Kemudian pada tahun 1981-1982 kakak saya datang dari Singapura, dan ternyata dia sudah menjadi anggota Soka Gakkai di sana. Dia berkata kepada saya: “Kamu sebut Nam-myoho-renge-kyo saja.”
Seikyo Shimbun: Setelah kakak anda menganjurkan untuk menyebut Nam-myoho-renge-kyo, apakah Bapak langsung percaya ?
Bapak A tie : Saya tidak percaya. Saya bahkan meragukan dan bertanya kepada kakak saya, “Apa yang membuat kekuatan Nam-myoho-renge-kyo begitu luar biasa?”.
Seikyo Shimbun : Lalu, apa yang membuat Pak A tie mulai mau menyebut Nam-myoho-renge-kyo?
Bapak A tie : Tidak lama kemudian kakak saya datang lagi, kemudian dia kasih jawaban ke saya. “ Kalau kamu sebut Nam-myoho-renge-kyo ini kamu bisa rubah nasib”! Lalu setelah mendengar jawaban tersebut saya langsung berpikir, “ Saya sudah 40 tahun hidup seperti ini tidak ada perubahan dalam kehidupan saya”. Saya pun akhirnya mulai mencoba menyebut Nam-myoho-renge-kyo”.
Seikyo Shimbun : Setelah Bapak menyebut Nam-myoho-renge-kyo, apa yang anda rasakan?
Bapak A tie : Jadi waktu saya baru saja memulai hati kepercayaan ini selama 6 bulan tiba-tiba saya mengalami sakit perut yang luar biasa dan hampir merenggut nyawa saya. Tidak jelas apa penyakitnya tetapi sangat sakit sekali. Akhirnya saya pun tidak ingin melanjutkan hati kepercayaan ini. Mendengar hal ini, kakak saya buru-buru menjumpai saya, dan berkata “ Kamu tidak boleh melepaskan hati kepercayaan ini, dengan daimoku baru kamu bisa rubah nasib”. Saya pun akhirnya berdaimoku kembali, dan sakit perut saya pun sembuh.
Seikyo Shimbun : Selama anda memeluk hati kepercayaan ini, perjuangan apa yang paling sulit dihadapi ?

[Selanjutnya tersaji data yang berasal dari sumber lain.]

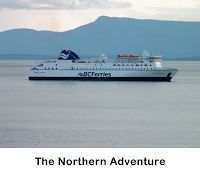 Northern Adventure BC Ferries - Northern Adventure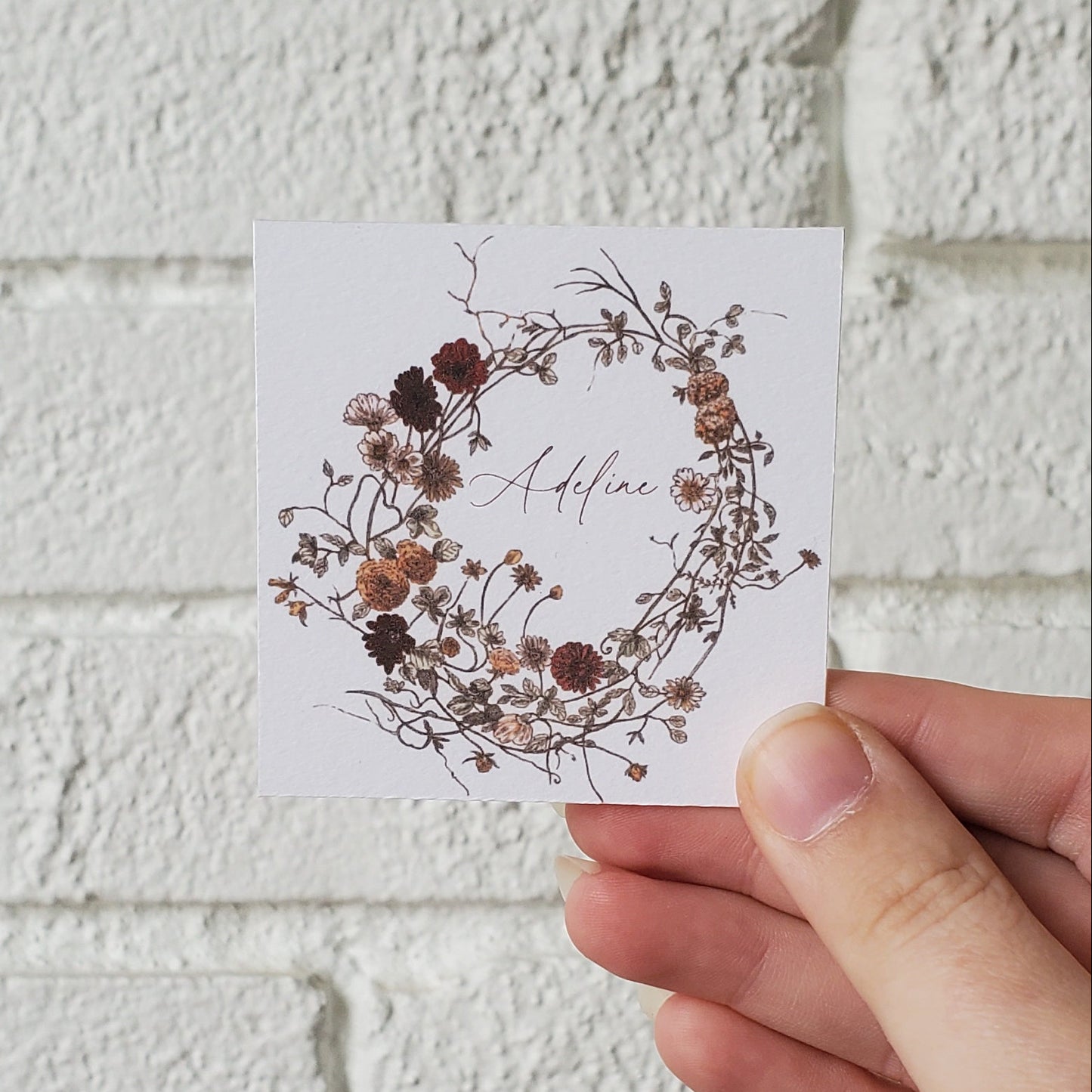 Personalized Place Cards - The Addy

Bapak A tie : Semenjak saya memeluk hati kepercayaan ini, saya pun mengikuti kegiatan di susunan yang lama di Batam, saat itu Soka Gakkai belum terbentuk di Batam. Waktu saya ikut pertemuan, saya sama sekali tidak bisa mengerti bahasa indonesia, saya hanya mengerti bahasa Teo Chew. Saya sungguh tidak mengerti pelajaran Gosho selama 6 tahun, ada anggota yang cerita pengalaman pun saya tidak mengerti karena saya benar-benar tidak bisa bahasa Indonesia. Selama 6 tahun juga saya hanya bisa berdaimoku menghadap tembok.
Seikyo Shimbun : Lalu, bagaimana selanjutnya?
Bapak A tie : Pada tahun 1989 saya akhirnya menerima Gohonzon. Tahun 1990 saya mulai mengikuti pertemuan chiku susunan Soka Gakkai di Singapura, karena disana ada pertemuan chiku dibagi dari berbagai bahasa seperti ada tempat pertemuan chiku untuk anggota yang hanya mengerti Teo Chew, ada tempat pertemuan khusus mandarin, dan juga inggris. Setiap sebulan 2 kali saya pergi ke Singapura menggunakan kapal ferry untuk pergi mengikuti pertemuan. Akhirnya saya bisa belajar dan memahami Gosho, serta cerita pengalaman anggota. Saya pun sangat gembira akhirnya bisa mendengar dan mengerti bimbingan dari Ikeda Sensei, hal yang hanya saya pelajari di susunan Soka Gakkai Singapura pada saat itu. Dari situlah akhirnya saya mulai semakin tambah semangat untuk belajar dan melaksanakan hati kepercayaan ini. Sejak kecil saya tidak bisa menulis dan membaca, karena keinginan saya untuk bisa membaca Gosho sangat kuat, saya pun mulai belajar bahasa mandarin secara otodidak dari kamus, buku-buku mandarin, dsbnya. Saya mengikuti pertemuan chiku bolak-balik selama 7 tahun ke Singapura.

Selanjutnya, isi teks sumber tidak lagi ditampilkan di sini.